I arrived in Las Vegas for DefCon last night. Exhausted from my travels, once in my hotel room I naturally pulled out my laptop wanting to get online. I did not remember the SSID of the hotel’s network from last year, so I pulled up the list of available access points:
As you can see, there were a number of Guest_Internet_Access access points. There were so many that clearly they had to be the official access points of the hotel. Seeing the name “lodgenet”, I vaguely recalled that as being the SSID of the network I had used last year, but I thought that maybe the hotel had transitioned to a new name. So I opened up a browser and tried to navigate to “test.com”. I was then redirected to the following page:
Ok, easy enough. This page looked quite legitimate, and it was served over SSL. Firefox indicated that it had a valid SSL certificate, and I even pulled up the details thereof:
But this was DefCon, and one can never be too cautious. I looked at some of the branding: copyright the “Guest Internet Access Corporation”? That was an odd name for a company, especially one whose domain name was ip3networks.com. I pulled out my iPhone and did some Googling for this name. No hits. I navigated to ip3networks.com, but no page loaded. Something smelled rather suspicious. I did find a reference to a company or a product of some sort called IP3 Networks, but it seemed to be owned by a different company. So at this point, I was largely convinced that this was a scam. To verify, I tried poking at the page a bit. I pushed the submit button without filling in any data, but the original page just reloaded with no error message. I then tried adding in some bogus data and submitted the page:
This was the final conclusive evidence that this was a scam. Look at the URL: this suggests an MVC framework such as Ruby on Rails (pulling up the source, the error div had id errorExplanation, which is a Railsism), and that I was the first person to submit such a form. The page was clearly not professionally made. Reloading the page with a GET request resulted in a 500 error.
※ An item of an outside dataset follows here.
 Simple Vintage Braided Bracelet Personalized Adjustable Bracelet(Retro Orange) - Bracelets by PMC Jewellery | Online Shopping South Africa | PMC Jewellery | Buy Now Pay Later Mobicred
Clearly, someone had quickly cooked up a Rails and dropped in a bunch of access points, hoping to harvest credit card numbers.
Anyway, needless to say I’m staying off the paid wireless: Guest_Internet_Access or other. I’m currently on the DefCon wireless, which advertises itself as being one of the most hostile wireless networks in the world, but I’m taking care to tunnel all of my traffic.
I love DefCon.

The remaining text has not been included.